> EXERCISE DIRECTIONS: Make a verbatim copy of the entries below; pictures stay out.

> INFORMATION PROVIDED:
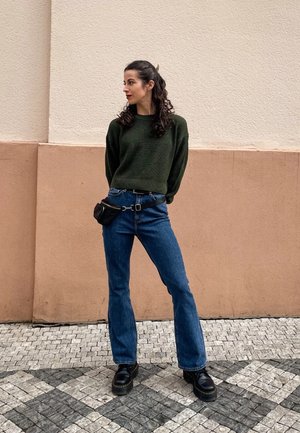 Suéter de punto verde, jeans acampanados azules con un cinturón, bolsa de cintura negra, botas de plataforma negras; de pie contra una pared texturizada y pavimento.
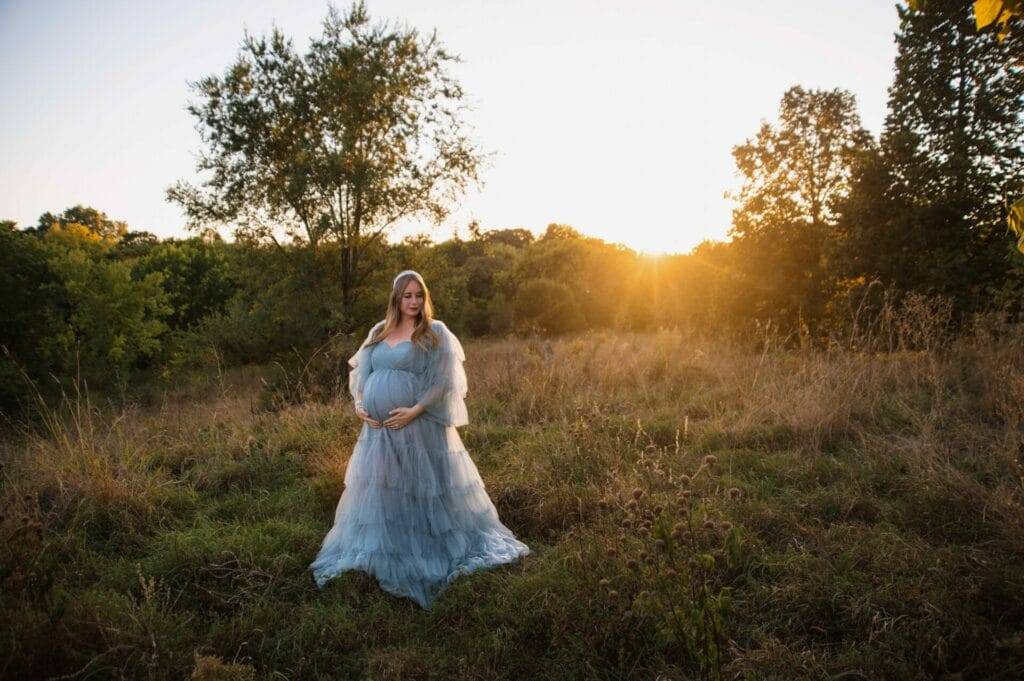 A pregnant woman in a flowing gown stands in a field at sunset, surrounded by trees and tall grass.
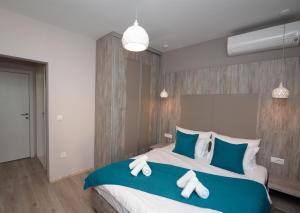 1 dormitorio con 1 cama grande con almohadas azules y blancas en ZARO Apartments, en Bitola
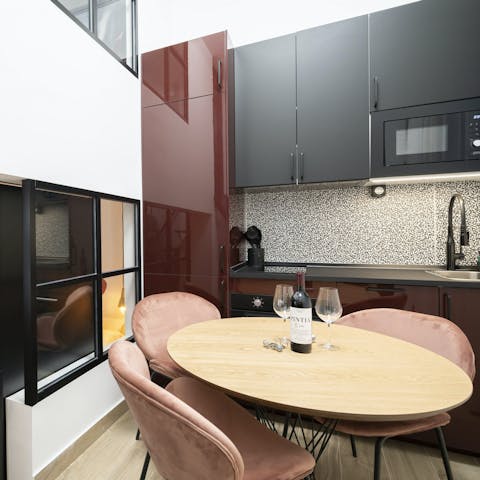 Pour a glass of wine and unwind around the dining table
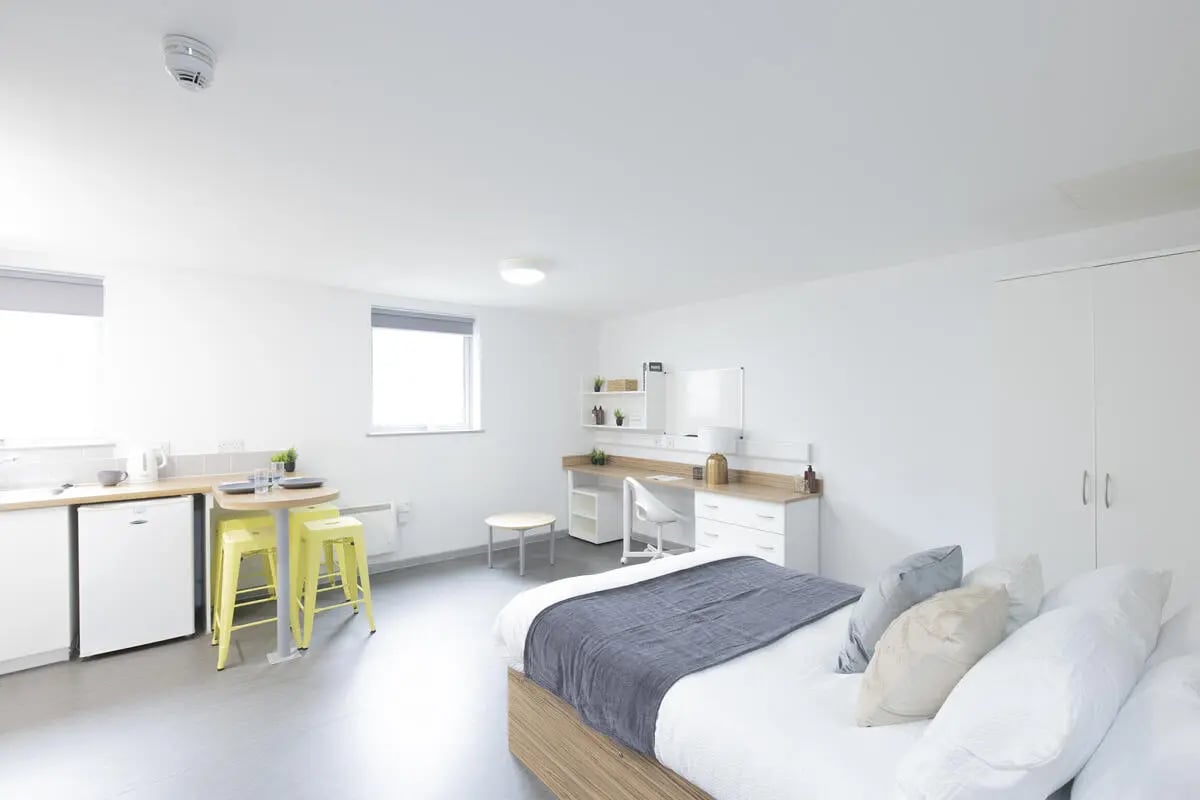 Bed desk kitchen area with yellow stools and bed. at Turner Court in Newcastle Upon Tyne Student Accommodation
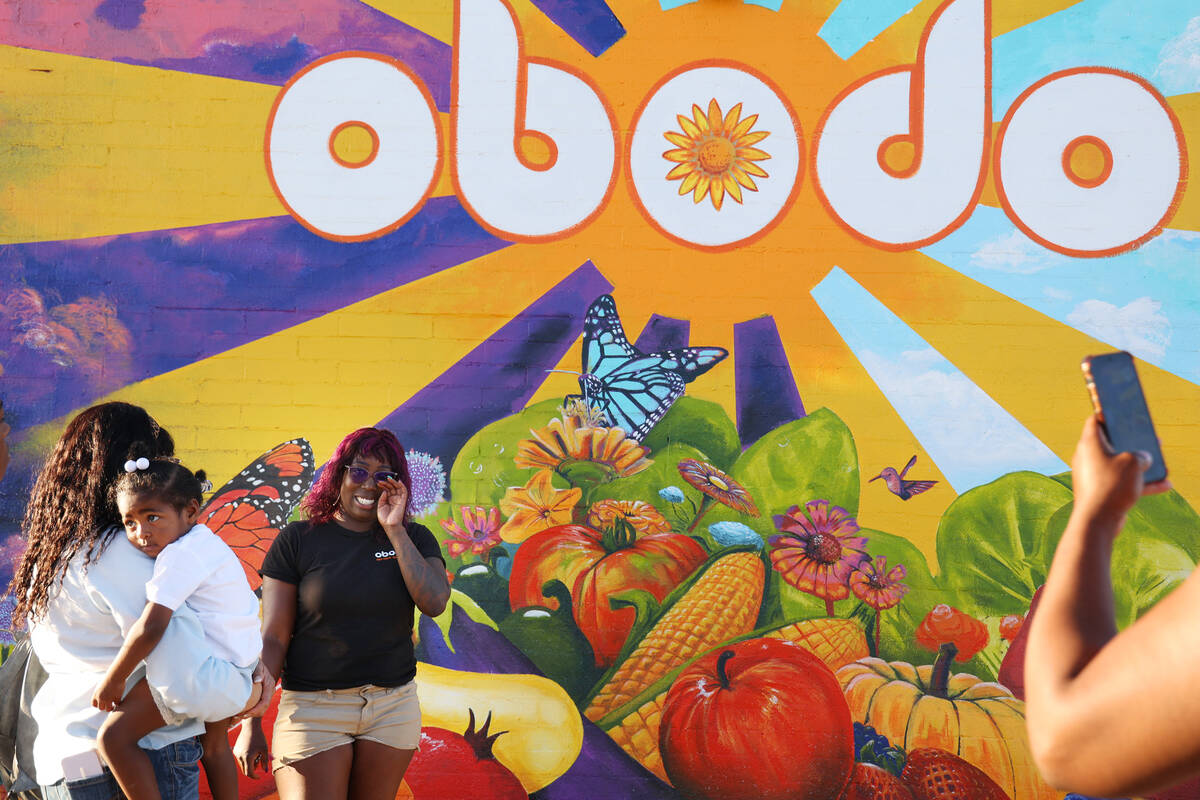 Cheyenne Kyle, food programs coordinator for Obodo Colective, left center, wipes her eye shortl ...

> REPLY TO THE TASK:
 Suéter de punto verde, jeans acampanados azules con un cinturón, bolsa de cintura negra, botas de plataforma negras; de pie contra una pared texturizada y pavimento.
 A pregnant woman in a flowing gown stands in a field at sunset, surrounded by trees and tall grass.
 1 dormitorio con 1 cama grande con almohadas azules y blancas en ZARO Apartments, en Bitola
 Pour a glass of wine and unwind around the dining table
 Bed desk kitchen area with yellow stools and bed. at Turner Court in Newcastle Upon Tyne Student Accommodation
 Cheyenne Kyle, food programs coordinator for Obodo Colective, left center, wipes her eye shortl ...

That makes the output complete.